C Aranega / Getty Images

 

While adopting a cat can be hugely rewarding, the first 24 hours in a new home can be stressful for your feline. Giving them space, routine and careful introductions can greatly reduce anxiety levels.

The Journey Home

Cats don’t tend to be great travelers. To minimize any stress, make sure they are transported in a snug, well made and well-ventilated carrier. Including a piece of their bedding inside the carrier can provide them with a reassuringly familiar scent. The journey home should be as quiet and smooth as possible, don’t bring along the family dog and, if possible, leave any noisy and excited children at home.

You may also want to spray the bed and carrier with Feliway before you put the cat in it. This is a synthetic version of the naturally occurring “happy” pheromones found on your cats face. These can have a reassuring effect.

Don’t feed them any treats while traveling; if they are stressed this could cause them to vomit.

If your cat is stressed out by the car or carrier, once they are home and settled, you could work on a desensitization program to build up more positive associations.

The First Few Hours - Providing a Safe, Quiet and Secure Space

You should not flood your cat with too many new and stimulating experiences when they first arrive home.

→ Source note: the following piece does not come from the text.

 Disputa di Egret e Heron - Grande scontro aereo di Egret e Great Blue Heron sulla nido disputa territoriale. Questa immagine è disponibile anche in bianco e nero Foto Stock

For at least the first day, possibly more depending on the cat, it is recommended that they stay in one quiet room to help prevent them from becoming overwhelmed. 

Make sure you don't allow any other pets into this space in the beginning and give access to a litter box and fresh water. The room should be peaceful and cozy, and your cat should be able to hide if they wish. If there is no bed or sofa to hide under or behind, then you could create a hiding space with a covered box.

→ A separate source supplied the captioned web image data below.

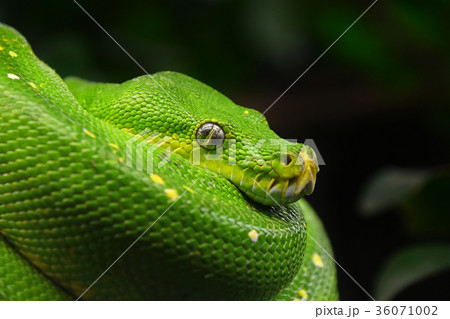 Green tree python profile portrait close up 36071002
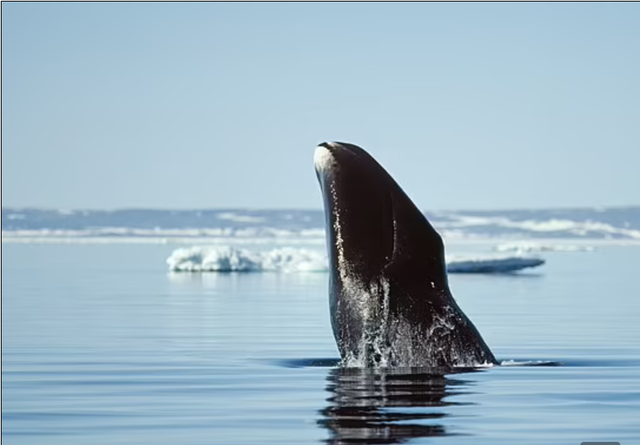 Cá voi Greenland có thể sống tới 200 tuổi. Ảnh: Alamy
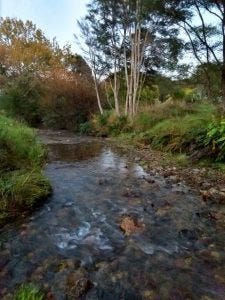 Whangarahi Stream crossing Whangarahi Stream crossing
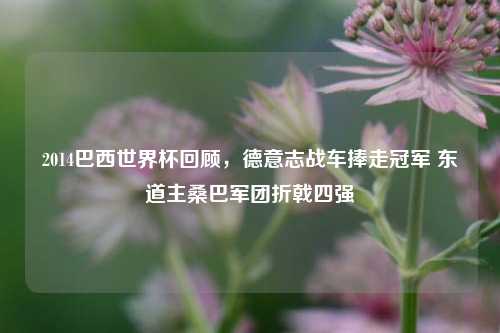 2014巴西世界杯回顾，德意志战车捧走冠军 东道主桑巴军团折戟四强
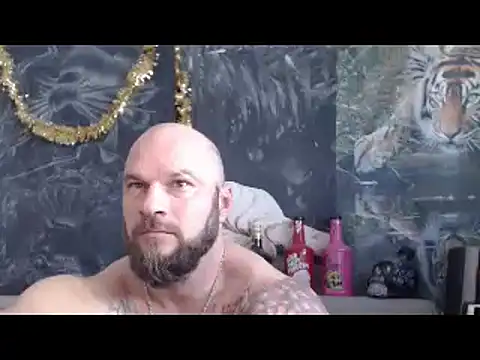 viking 30 online show from March 31, 2026, 10:26 am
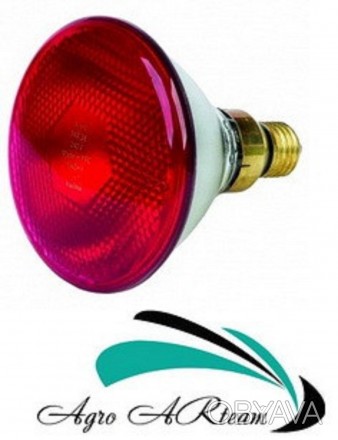 Инфракрасная лампа 150 Вт красная PAR используют на фермерских хозяйствах для ло. . фото 1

Place the carrier in the room and then leave them to come out when they are ready. Trying to force an interaction with your cat when they are very stressed can hamper successful bonding.

After a Few Hours - Introducing Food

It is better to introduce food after your cat has had at least a few hours in their new home. If they do take the food at the start but are anxious, it could cause them to vomit or increase the chances of an upset stomach.

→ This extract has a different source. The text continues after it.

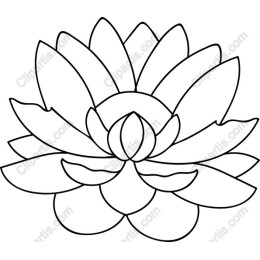 Lotus Flower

Your new cat might not eat for the first day or two if they are extremely stressed. Unless they continue to refuse food after this, it is not something you should be overly concerned about.

After Half a Day - Careful Introductions to the Wider Family

Ideally, you should allow your cat a good few hours of quiet time, to adjust to their new surroundings. If, at this point, you want to offer them a little company then do this gradually and calmly.

It is a good idea to start spending time in the room, perhaps just reading a book or watching a quiet TV program. This will allow the cat to get used to your company without it being too stressful or intrusive.

If the cat goes into a hiding place when you enter the room, don’t force them out. Let them come out when they are ready. You may want to reward them with a tasty treat if they approach you, to build up positive interactions. 

If you have children, make sure they understand not to chase or annoy the cat, that they are supervised, and that they only interact if the cat approaches them seeking attention. 

After 12 Hours - Introducing Toys

If your cat is starting to voluntarily interact with family members you may want to introduce some toys to see if they would like to engage in some play. Of course, if they are still feeling overwhelmed, toys may have to wait a few more days.

What Not to Do in the First 24 Hours

Some things are best left until your cat has had the chance to become settled and relaxed within their immediate surroundings. If they are introduced too quickly, it can cause additional stress, and a poor first experience can make things more difficult going forward.

Introductions With Other Pets

Cats are naturally territorial, and introductions with other cats should not be done immediately. It can sometimes take weeks or months for cats sharing a household to integrate fully. In the initial days, it is best to keep them separated before gradual introductions begin.

Introductions with dogs should also be gradual and initial meetings will be more manageable if your dog is on-leash. Make sure that your cat has an easy escape route if they are uncomfortable. Baby gates can also be a useful management tool.

If you have smaller pets, they must be kept safe and secure, and you may have to consider whether your cat is allowed access to the room they are in. Because birds and rodents are natural prey for your cat, it could cause over-arousal and also be a source of stress for your small pet when the cat is in their presence.

Letting Your Cat Outdoors

If you plan to let your cat outdoors, do not do this in the first 24 hours. The stress and disorientation of a new environment increase the chances of your cat getting lost, injured or fleeing. It is normally recommended that you wait at least two weeks before you start introducing the wider world, and this can be longer, depending on how confident and settled your cat is.

Make sure doors leading outside are not left open when your cat is nearby, to avoid any accidental escapes.